A number of hon. Members mentioned short break services, and access to respite and short breaks is fundamental for many families and carers. Local authorities have a legal duty to commission short breaks, and although the NHS’s role is not statutory but a matter for local commissioners, it may also provide clinical support. Having the reassurance of clinical oversight can often mean the difference between carers taking those much-needed breaks and feeling unable to do so, and it is important that such work is collaborative. A recent report from Together for Short Lives found that 84% of clinical commissioning groups said that they commission short breaks for children who need palliative care—an increase from 77% in 2018. We want to ensure that 100% of clinical commissioning groups make such a contribution so that carers have access to the breaks they need. NHS England provides bespoke data and commissioning support to STP and ICS areas to enable them to plan and deliver effective services, such as short breaks, for children and young people.
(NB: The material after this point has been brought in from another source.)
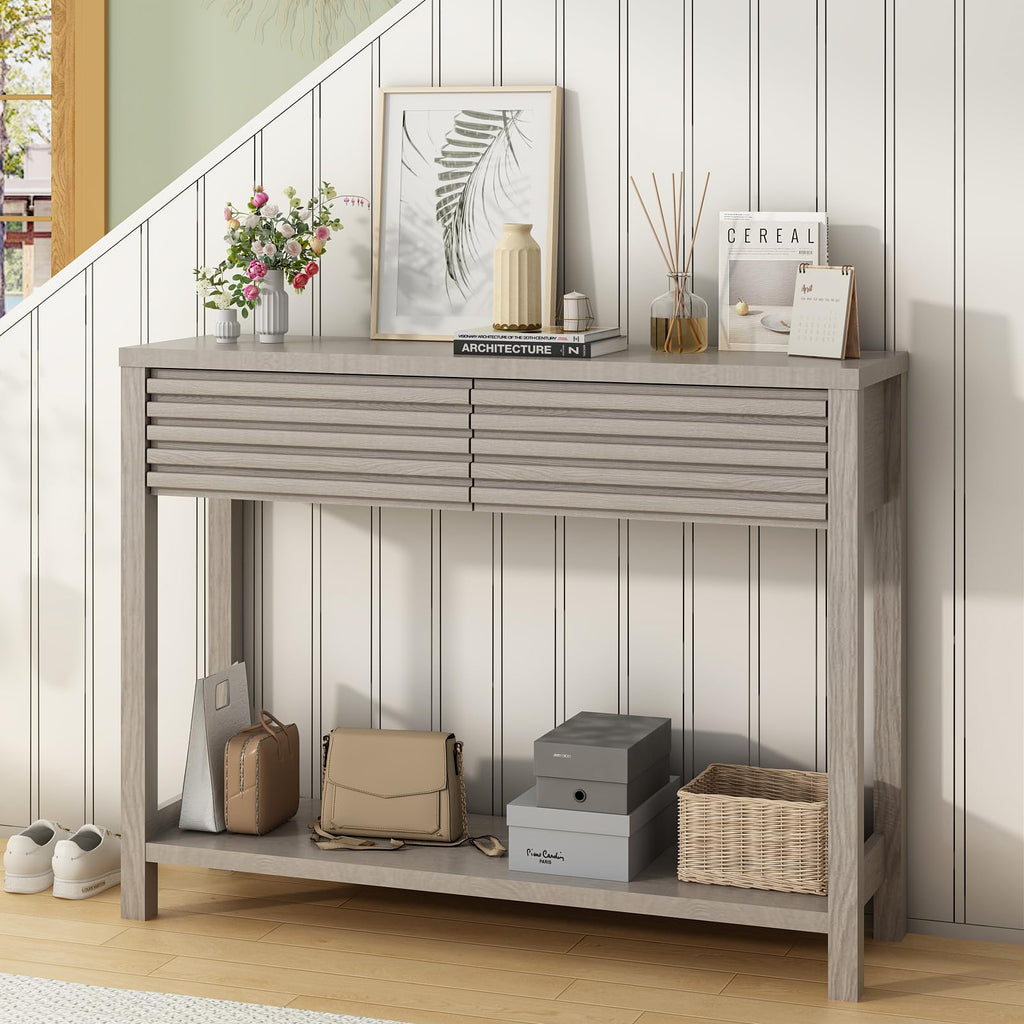 Oak Gray Fluted Console Table with Drawers E8962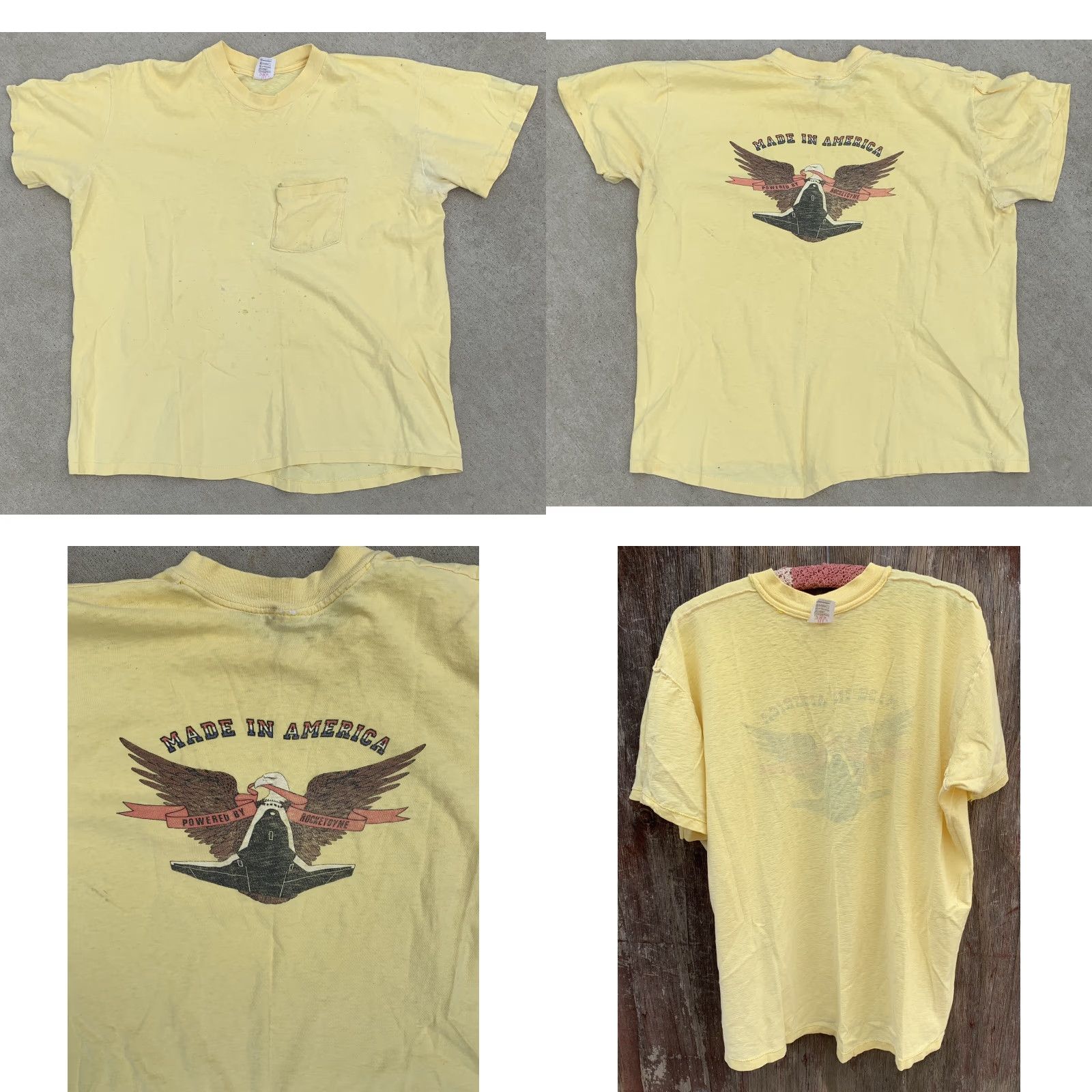 Vintage VINTAGE Stedman Graphic T-Shirt Pocket Tee USA Charles Rocketdyne Yellow XL Mens Size US XL / EU 56 / 4 - 9 Thumbnail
Access to and quality of palliative and end of life care goes beyond funding for hospices, and through the long-term plan we are accelerating the roll-out of personal health budgets to give people greater control and choice. We want 200,000 people to benefit from a personal health budget by 2023-24, and that will include things such as provision of bespoke wheelchairs and community-based packages for personal and domestic support. NHS England is expanding the offer of mental health services to people receiving social care support and those receiving specialist or end of life care.
Does the Minister agree that the 49,000 babies, children and young people who have been diagnosed with life-threatening or life-limiting conditions would all benefit from a personal finance plan?
That is right. The system has to be rolled out carefully because we must get it 100% right. It is a jointly funded and collaborative system, but at the end of 2018 it covered 32,000 people, and by 2023-24 it will cover 200,000 people. That shows enormous progress and commitment, and it will give those who want it more choice and control over what kind of care and support they need to meet their needs.
NHS England is developing a refreshed end of life care core skills education and training framework to standardise training, and the NHS now employs more staff than at any other time in its history. The data does not identify nursing specialities, such as palliative care, but the hon. Member for Eastbourne (Stephen Lloyd) may be interested to know that 648 full-time equivalent doctors are working in palliative medicine, which is 202 more than in May 2010—an increase of 45.2%. NHS England’s long-term plan sets out how it will work with patients, families, local authorities and voluntary sector partners to personalise and improve end of life care.
I will write to the hon. Member for Strangford about NHS pensions and hospices. I was going to mention “Agenda for Change”, but I do not have much time and I wish to leave him time to conclude the debate. I thank all hon. Members who have taken part in this debate. We know there is more to be done to meet our ambition to reduce variation at the end of life and ensure proper support for children with life-limiting conditions and their families.